What the exercise asks: In the entries below, count the lines holding "image". Reply with the number only.

__________________________________________________

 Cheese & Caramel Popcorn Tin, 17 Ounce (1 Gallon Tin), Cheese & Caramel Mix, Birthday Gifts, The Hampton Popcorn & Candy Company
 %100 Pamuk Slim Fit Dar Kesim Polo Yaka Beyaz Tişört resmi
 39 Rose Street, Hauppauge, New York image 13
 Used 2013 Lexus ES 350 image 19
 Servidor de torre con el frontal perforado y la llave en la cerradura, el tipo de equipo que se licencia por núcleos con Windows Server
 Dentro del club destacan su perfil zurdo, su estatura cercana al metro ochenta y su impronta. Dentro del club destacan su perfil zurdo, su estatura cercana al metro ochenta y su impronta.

__________________________________________________

Completed exercise: 2